PRESIDENT LYNDON B. JOHNSON: It is the effort of American Negroes to secure for themselves the full blessings of American life. Their cause must be our cause, too, because it's not just Negroes but really it's all of us who must overcome the crippling legacy of bigotry and injustice and we shall overcome.
(Crowd cheering)
BOB SCHIEFFER: Johnson went on to score one legislative victory after another but he also wielded his power to expand the war in Vietnam, and it tore the country apart.
CROWD (in unison): Hey, hey, LBJ, how many people did you kill today?
BOB SCHIEFFER: The criticism became so intense in 1968, Johnson decided not to seek reelection, hoping to spend full time on ending the war. But the war would go on for another seven years, eventually, taking the lives of fifty-eight thousand Americans and three million Vietnamese. Caro refuses to compare Johnson to the Current President, but when the airwaves are filled with talk like this--
PRESIDENT DONALD TRUMP: No politician in history, and I say this with great surety, has been treated worse or more unfairly.
BOB SCHIEFFER: To Robert Caro, it's just old news.
ROBERT CARO: I think Lyndon Johnson felt the-- the very same way, I can tell you that. He said no President ever endured what I had to endure. Yeah.
BOB SCHIEFFER: Has any President that you know about ever felt while he was in office that he was getting a good or fair press?
ROBERT CARO: Not-- not that I know about.
BOB SCHIEFFER: In his latest book Working, Caro writes at length for the first time about himself, even sharing some of his best advice, "shut up and let the other guy talk."
ROBERT CARO: I have to keep reminding myself because I talk too much to shut up. So the way I do it is to write SU in my notebooks. If you looked through my notebooks, you would see a hell of a lot of SUs.
BOB SCHIEFFER: The one place Caro is never silent is on the page. And he says the end is in sight for his final book on LBJ.
ROBERT CARO: Well, this is, a matter of fact, is what I've written so far. This is the manuscript of the last volume as far as--
BOB SCHIEFFER: Really?
ROBERT CARO: --as far as I've got here, the last page is three ninety-two.
BOB SCHIEFFER: Well, let me ask you this: if you had known these books were going to take this long, would you have embarked on this project-- these projects?
ROBERT CARO: Pro-- probably not. I had no idea. And I had no idea that Johnson books were going to take-- you just keep coming across things that seem to you to be worth telling people, seem to me to be worth telling people about.

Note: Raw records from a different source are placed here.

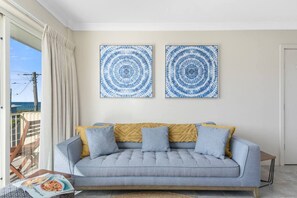 An open-plan living area includes a sofa and a TV where guests can settle in with a movie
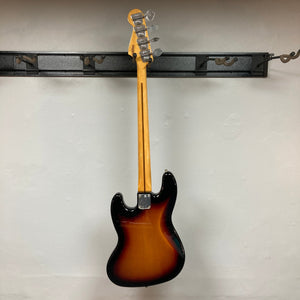 Fender Vintera '70s Jazz Bass on wall hook, showcasing its vintage-style neck and pickups, includes gig bag for protection.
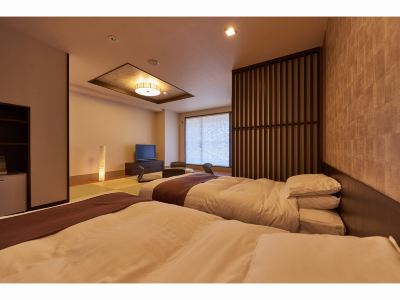 観察風呂付き羊蹄山側デラックス和洋室 湯元ニセコプリンスホテルひらふ亭の写真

BOB SCHIEFFER: Well, I think we're glad you did.
ROBERT CARO: Thank you.
(End VT)
BOB SCHIEFFER: And we'll be right back.
(ANNOUNCEMENTS)
BOB SCHIEFFER: Like so many of you, I am sure I sat before my television all day Monday as I watched in profound sadness the burning of Notre Dame. I could not turn away. It was even more compelling to those in Paris. The Washington Post's James McAuley reported that when police ordered spectators to move back from the fire, they could not bring themselves to turn away and instead walked backward. Seeing it go up in flames reminded us of the fragility of old things, that nothing is forever, even people and things we didn't know we would miss until they were gone. Maybe it was more than that, because it had been there so long, Notre Dame had become a symbol of the evolving continuity of Western culture, a reminder of how we became who we are, a symbol of the great truth that runs not only through Christianity but all great religious traditions, that love is stronger than hate. Then in our sadness, within twenty-four hours, we realized that the bell towers of Notre Dame still stood tall, and millions of people had pledged to rebuild it just the way it was. And so it was that Notre Dame reassured us once more that for all the chaos good people had come together to demonstrate again the power of love and to help us understand who we are.
For FACE THE NATION, this is Bob Schieffer in Washington. Margaret will be back next Sunday. I want to thank you for inviting me into your homes once more. Moderating FACE THE NATION was never a job to me it was a privilege.